Caroline Burgess completed her Advance Textiles Diploma at City Lit, London, in 2022. Her work quickly received much attention from an international group of curators including her work in online features as well as through exhibitions including our open submission exhibition 'The Wild Collective' at OmVed Gardens, 2022. In 2023, her work was exhibited in the London Group Open, Wales Contemporary, 'Piece by Piece' at City Lit Insitute, the Royal West of England Academy and the Royal Academy Summer Exhibition. Her work is held in many private collections.
What has been your biggest achievement in your artistic career so far?
C: Being selected for the RA Summer Exhibition this year (2023) has to be the biggest achievement of my artistic career. It was such an excitement being part of Varnishing Day. To have my delicate sculpture sold, and then viewed by so many in that beautiful space was just wonderful.
Tell us more about your recent series, when did you begin this and how has it developed?
C: My most recent series is my Calico Collection.

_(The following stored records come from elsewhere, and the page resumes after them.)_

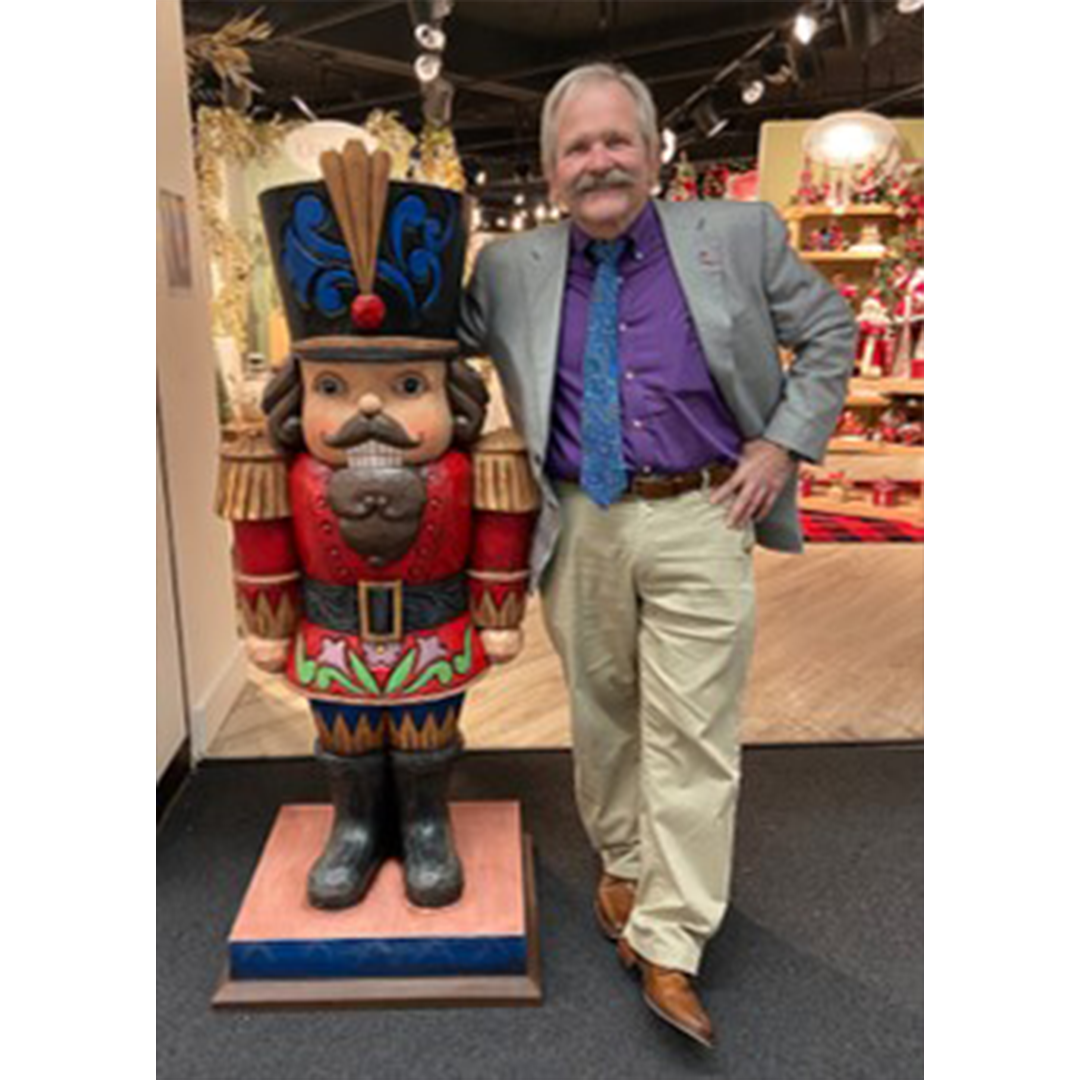 Jim standing next to Nutcracker statue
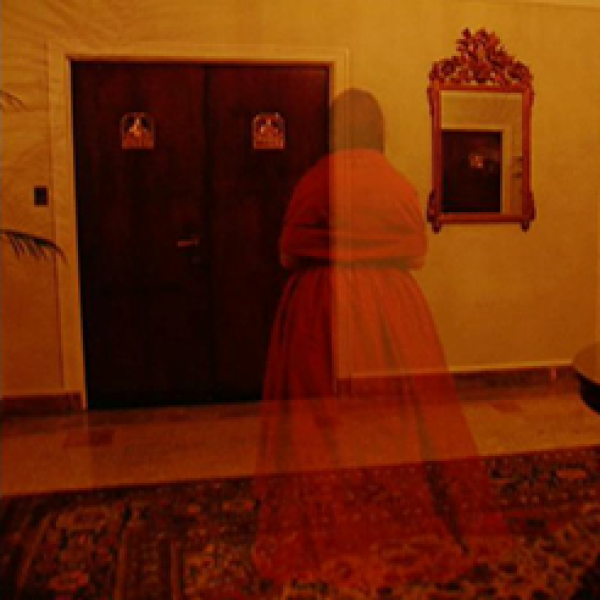 a woman in a red dress standing in front of a door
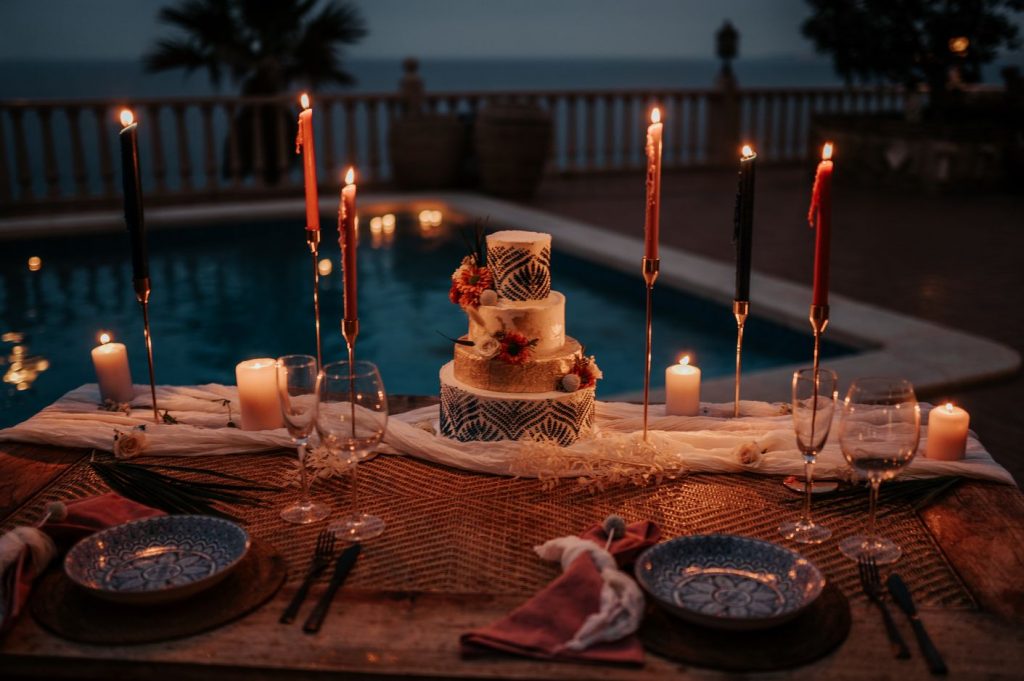 An intimate destination wedding tablescape is set out next to a private pool on the balcony of a Spanish villa. A textured fabric cloth runs the entire length of the table whilst tall tapered candles are placed delicately around the crockery and cutlery. The evening sky is jet blue due to the magical dusk hour and the table is romantic and warm with the light from the candles.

The three works in the Winter Online Exhibition are part of this series. I started this collection at the end of last year with ‘Stillness’, the three cylinders on show here.
My earlier sculptures are made from cotton organdie, a very fine and delicate material, which can hold small forms beautifully. I wanted to make larger pieces so started experimenting with calico and was delighted with how the calico held the cylindrical form. This first success led me to develop larger pieces like ‘Serenity’ which involve more complexity of structure allowing the light to play on the textured surface and create exactly what I am striving for in terms of the balance of light and deep shadow.
I aim for the work to emanate both strength and fragility and the calico appears to do just that. The seeming solidity of the calico sculptures lead many to think that ‘Stillness’ and others are ceramic which adds to the appeal.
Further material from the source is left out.